Tina (Eva Melnder) has an uncanny ability to smell something rotten and that’s not just materials but character too. This talent has got her a job with Swedish customs where she and a colleague survey passenger as they get off the ferry into the country.

A rather smooth gentleman is stopped and cleared but Tina senses something in the mobile. The passenger tries to swallow the sim but is stopped and it reveals images of child abuse. This leads on to further investigation with the police keen to tap into Tina’s ability.

Away from work Tina lives in a decrepit rural house with the useless Roland (Jörgen Thorsson) whose only talent appears to be looking after dogs – that hate Tina. There’s also her father who is in a home and she visit regularly and appears to have dementia. It’s an unfulfilling life only lightened when Tina takes her boots off and walks barefoot in the forest where she has an affinity with nature.

One day a man comes through customs and although she suspects foul play is wrong and leads her colleagues to make an embarrassing discovery. Confused, Tina strives to learn more about Vore (Eero Milonoff) and invites him back to her place. In return Vore tells her about their true nature which, while difficult at first, she comes to embrace and enjoy the liberation of that knowledge. This revelation sets off a chain of events that pull on base emotions and some very questionable actions.

It is by turns beautiful and nauseating as Border juggles with a number of taboos and stigmas as people’s true personalities and motives start to come to come to the fore. Melander is astonishing as Tina generating a deep empathy for her character. It’s a trickier task for Milonoff as Vore is never likeable but menacing so the challenge is to step away from going over the top which he does admirably.

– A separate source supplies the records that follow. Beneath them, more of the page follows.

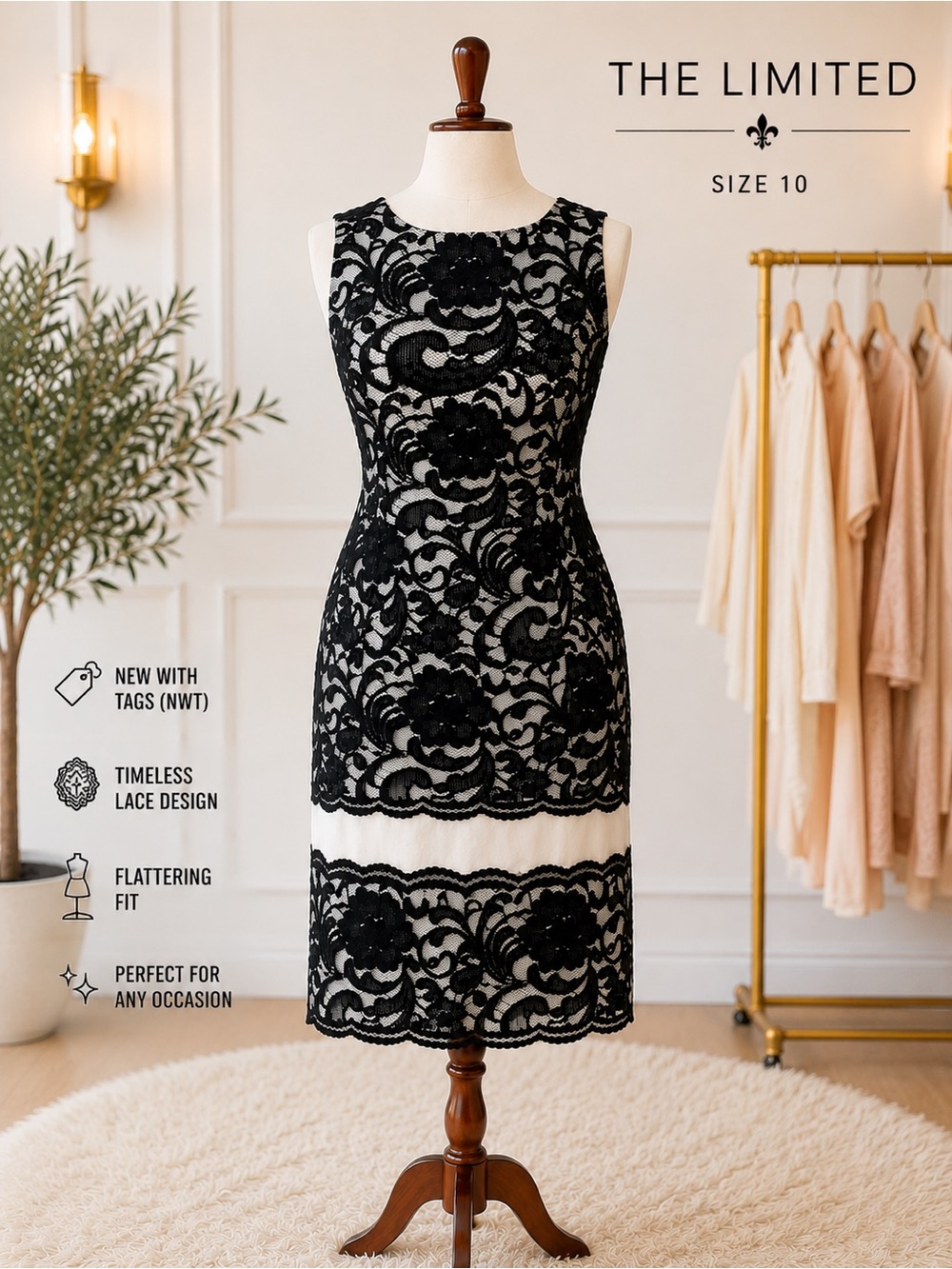 The Limited Size 10 NWT Black & White Floral Lace Sheath Dress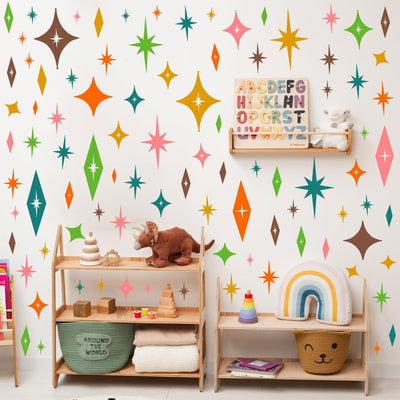 Adhesivos estrellas pared vintage mid century para niños oficina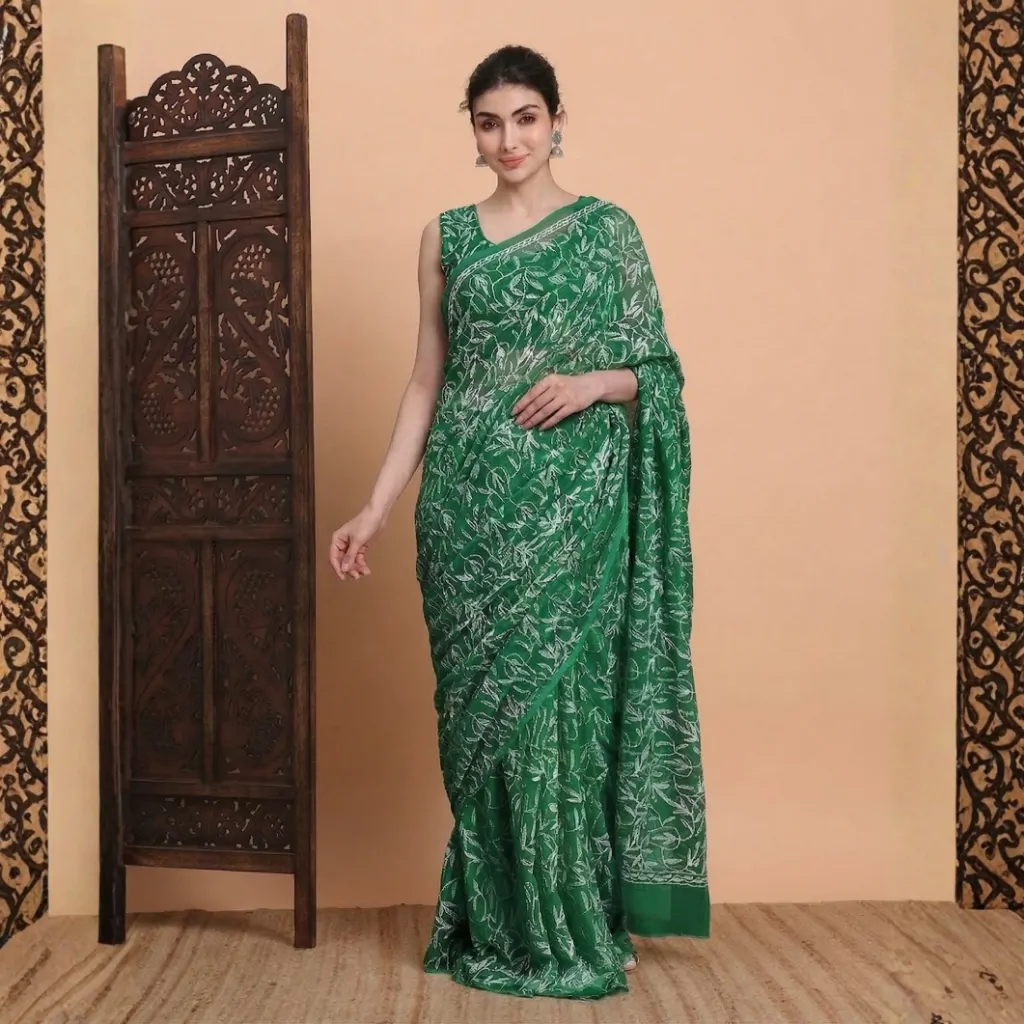 Bottle Green Tepchi Hand-Made Chikankari Saree | Bharat Chikan Udhyog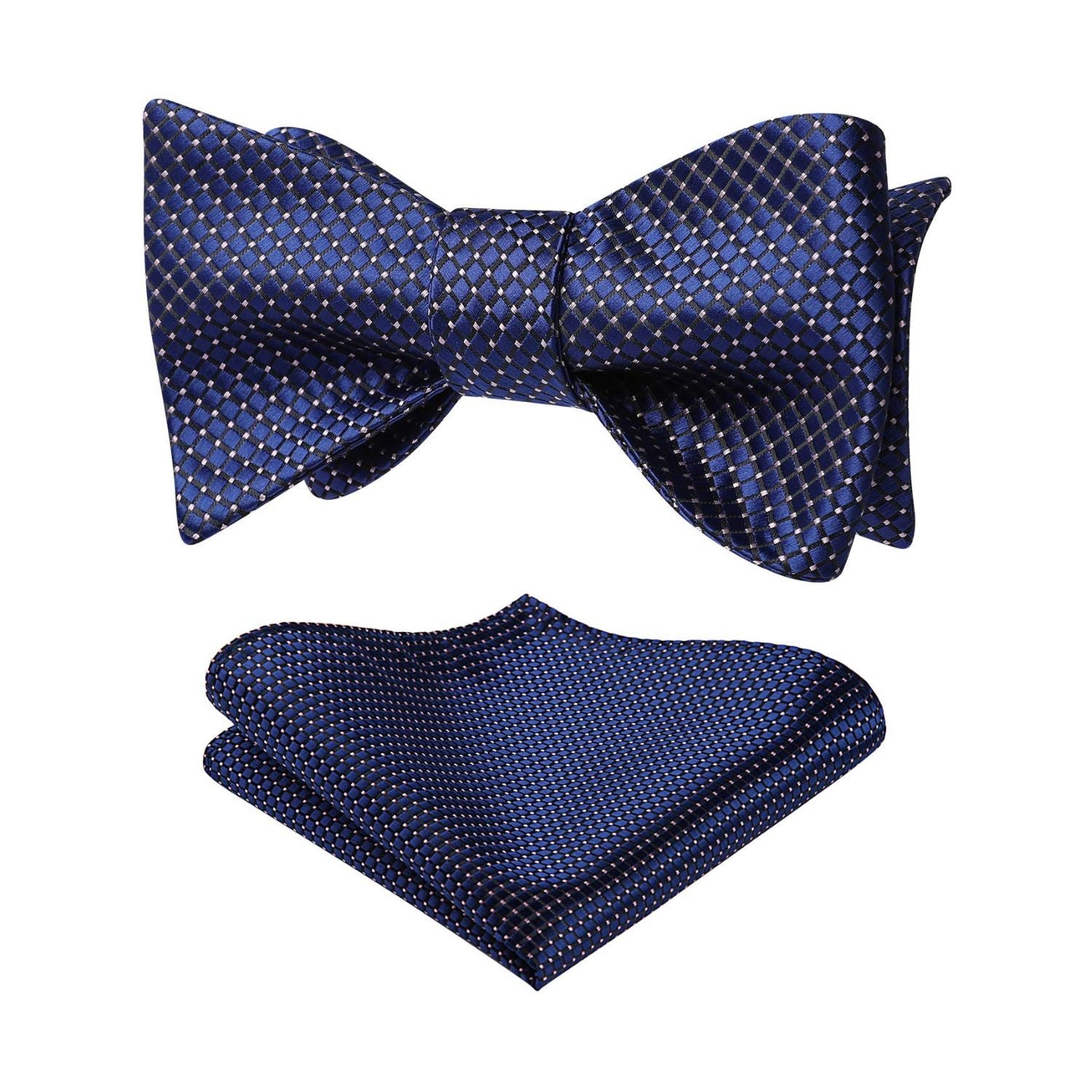Plaid Bow Tie & Pocket Square - 2-BLUE/PINK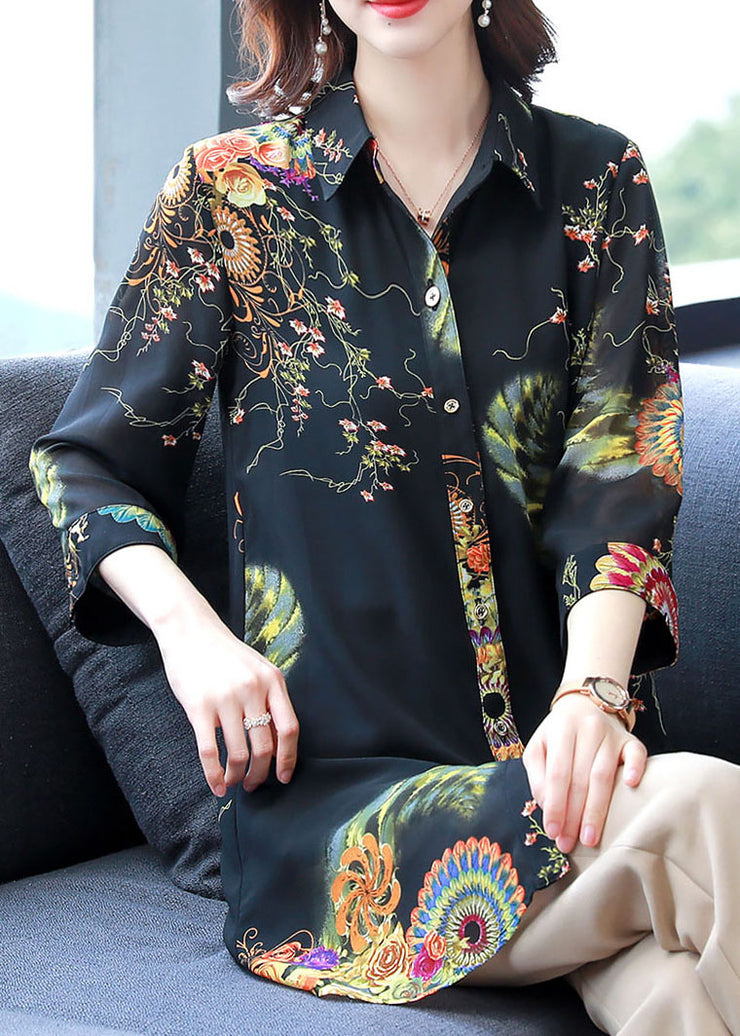 Plus Size Black Peter Pan Collar Print Button Chiffon Long Blouse Top Bracelet Sleeve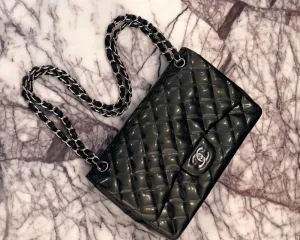 Chanel Classic Diamond Quilted Patent Leather Jumbo Double Flap
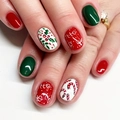 Christmas press on nails with red green patterns and candy cane designs on white - Red Green Christmas HoHo Painted Style (XG-101-93)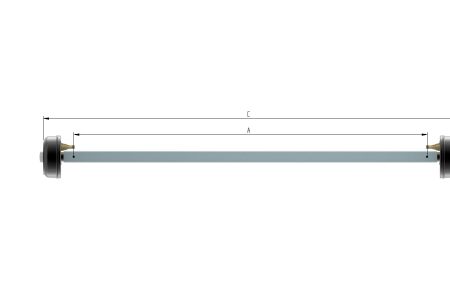 Aksel 1500kg A=1300 C=1790 (CP300-350), 5×112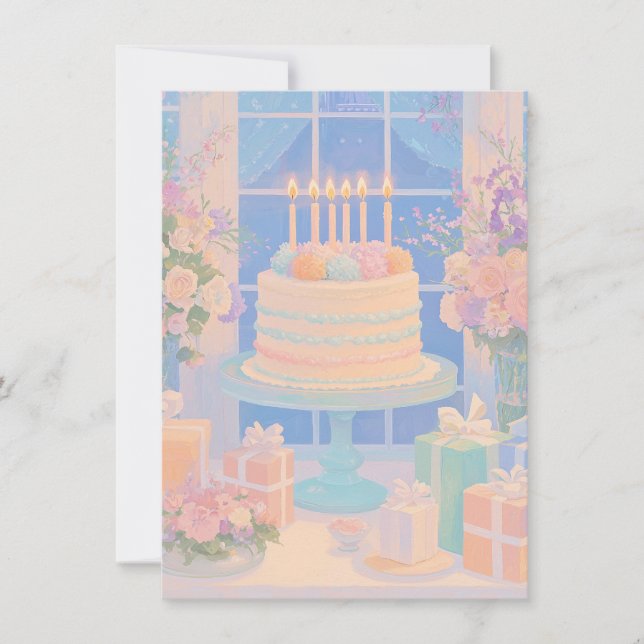 Pretty Floral Birthday Flat Card (Front)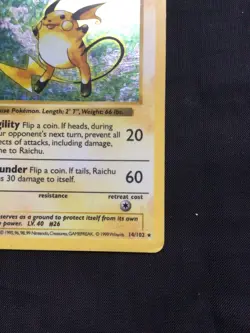 Pokemon Cards: Base Set 1st Edition Rare Holo: Raichu 14/102 - Image 5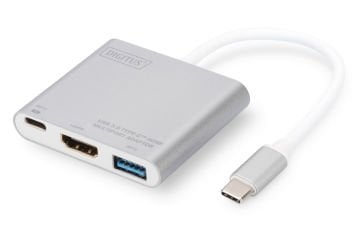 Assmann Digitus Usb 3.0 (Usb Tip C) Hdmı Grafik Adaptörü Usb 3.0 Hub Giriş: 1 X Usb Tip C Erkek (Bilgisayar Bağlantısı) Çıkış: 1 X Usb 3.0 Usb-A Dişi 1 X Şarj Özellikli Usb Tip C (Pd 2.0) Dişi (60W) 1 X Hdmı A (19-Pin) Dişi (Ultra Hd, 4K, 3840 X 2160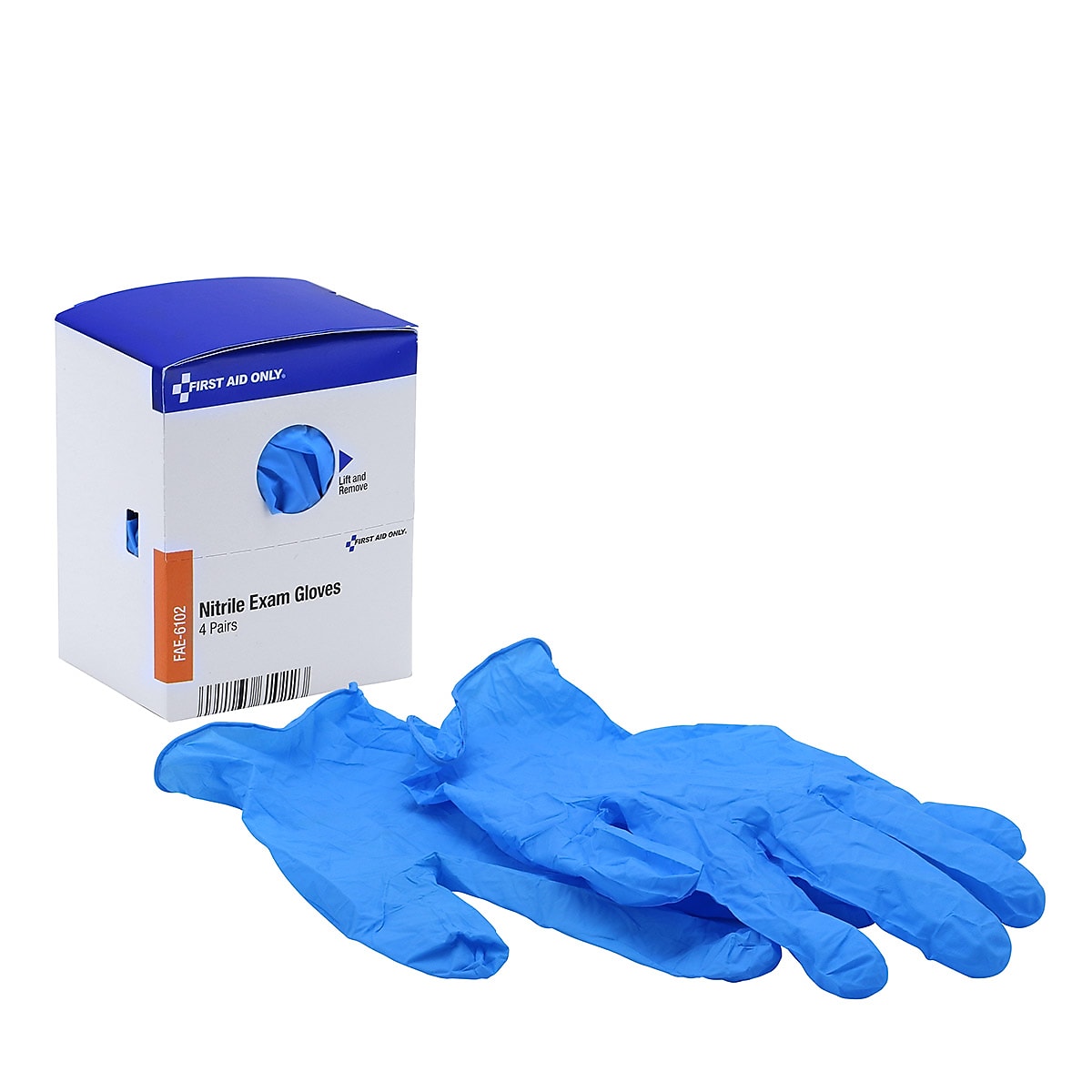 First Aid Only SmartCompliance, Refill, Powder Free Nitrile Exam Gloves, Latex Free, Large, 8/Box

Written by Ali Abbasi, Isabella Eklöf and John Ajvide Lindquist (who wrote the source book Gräns) and directed by Abbasi, Border is very strange. However, it is also beautifully filmed with a fantastic sound design, complemented by the soundtrack by Christoffer Berg and Martin Dirkov. It all adds up to a film that is compulsive as it tackles some big issues and puts on its head behaviours and actions that we may not expect. It challenges the perceptions of the conventions of gender using Nordic folklore, which is unconventional to say the least.